First of all, these past two years feel like growing years for me. I feel very changed in matters of the heart. I have begun to see the world of questioning with new respect. I have always had questions but I have become more aware of how I feel when these questions arise and have learned to avoid feeling guilt on one extreme and feeling compelled to any action or inaction on the other extreme. I don't think I would ever have chosen to engage myself in learning about the social, emotional and religious complexities of LGBT issues had I not had the opportunity given to me through my sweet Elaine. But I want her to know I wouldn't have it any other way. I am proud of her for working her way through this challenge. There have been huge sorrows and setbacks but she has faced each unexpected turn with faith that she can and will do her best to do right. I have tried to live true and faithful to the religious commitments that I have made. I have struggled with my feelings as you can sense in nearly all posts for the last year.

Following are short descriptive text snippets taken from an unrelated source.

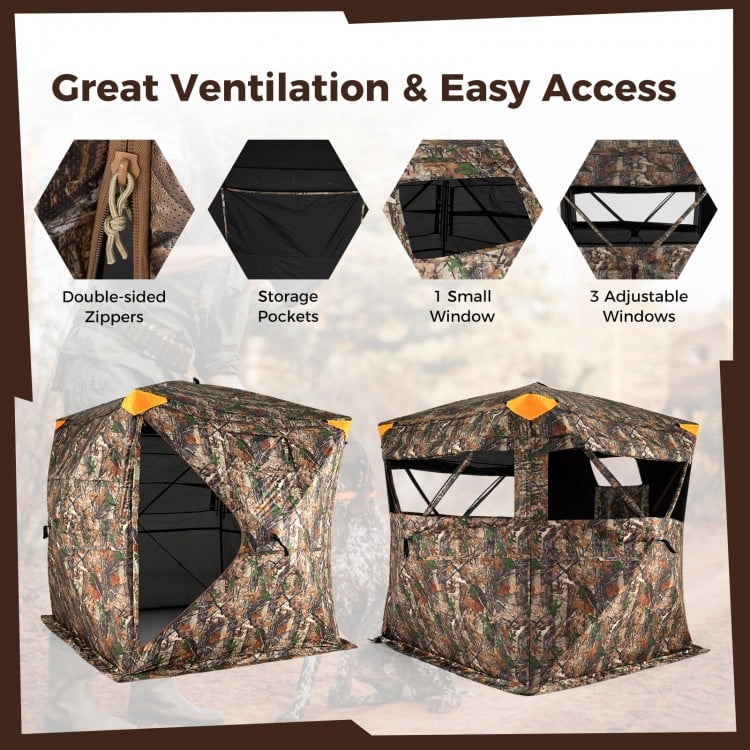 3-4 Person Hunting Blind 270° See-Through Pop-up Ground Blind with Full-Open Swing Door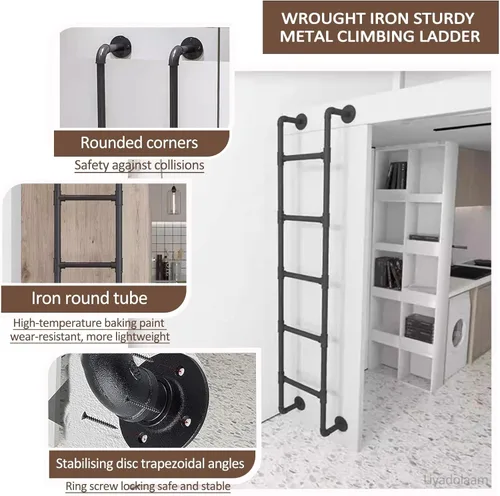 Miniatura 3 de Escalera de metal para litera de cama individual para dormitorio tipo loft, montada en la pared, para el hogar, ático, escalera de escalada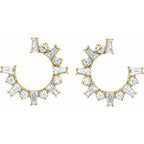 Baguette Front-Facing Hoop Earrings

It has not been hard at all to love Elaine and other LGBT friends and family members, but in realizing that if I am asked to disagree with her choice of lifelong companion I cannot find a place like that anywhere in my heart. Temple worthiness is ultimately a personal decision, and I was beginning to worry that my inability to 'hate the sin' might fall under the category of apostate. I needed to have a temple recommend interview anyway, because I had recently lost my wallet and my temple recommend. In the interview, I told my stake president that I'm not sure how I feel about the church's stance on LGBT issues, but that I felt it would be helpful to go to the temple with the intention of seeking peace on the issue. So I was given the opportunity to do that. After I finished the session I headed to the cafeteria. Someone, (not saying who) must have a sense of humor because the only sandwich left was a crab salad sandwich. As I ate my lunch, I noticed that on each table was a quote by President Thomas S. Monson that read something like this...The Lord in his infinite compassion gave us temples so that we would have the peace that surpasseth understanding.

I felt something very good come from that. So for now, I will maintain my membership in the church and I will no longer be afraid to say I don't know, when I really don't know. I will not allow hate or fear to motivate me to action or inaction. I will always keep my heart open to peace and opportunity, because I want to work towards and I hope to live to see the day where we as a society complete this particular growth process of change and inclusion of anyone marginalized by that society. There is a place for everyone. My membership in the church is not as important to me as feeling that I am living as close to truth as I possibly can. If that happens to find me outside of the church one day, I am not going to worry about that. I know I could find and do much necessary good in that path as well.

If this doesn't make you feel secure as to where I stand, maybe it will help to understand that I have decided that my question is not about staying in or leaving the church, but rather how will I keep working for the love and inclusion of LGBT people and not being afraid of what that may require. In the meantime, trying not to be so crabby, cause well, it gave me very bad breath....and Greg didn't like that very much. haha

2 comments:

Linds said...

"It's about love." This simple truth has been ringing consistently in my heart for a few years now, teaching me that my life truly is and always should be about love. About learning to love myself, others around me, no matter their choices or backgrounds, and learning to love truth and beauty in all of its wondrous light. It brings great joy to my heart that I share this life objective with the people who are closest to me in this world: my family.

Elaine said...

It certainly brings joy and peace to my heart as well ... I feel very close to my family, and many, many LGBT friends of mine are not so blessed. Truth and beauty is de-light-ful! I love to find the word "light" everywhere possible. Truth and beauty for every person are such varied, colorful, light-bringing things that each person finds - or creates - and then can share - in their own way ... and I'm just so thankful for my family to share it all with. Love you.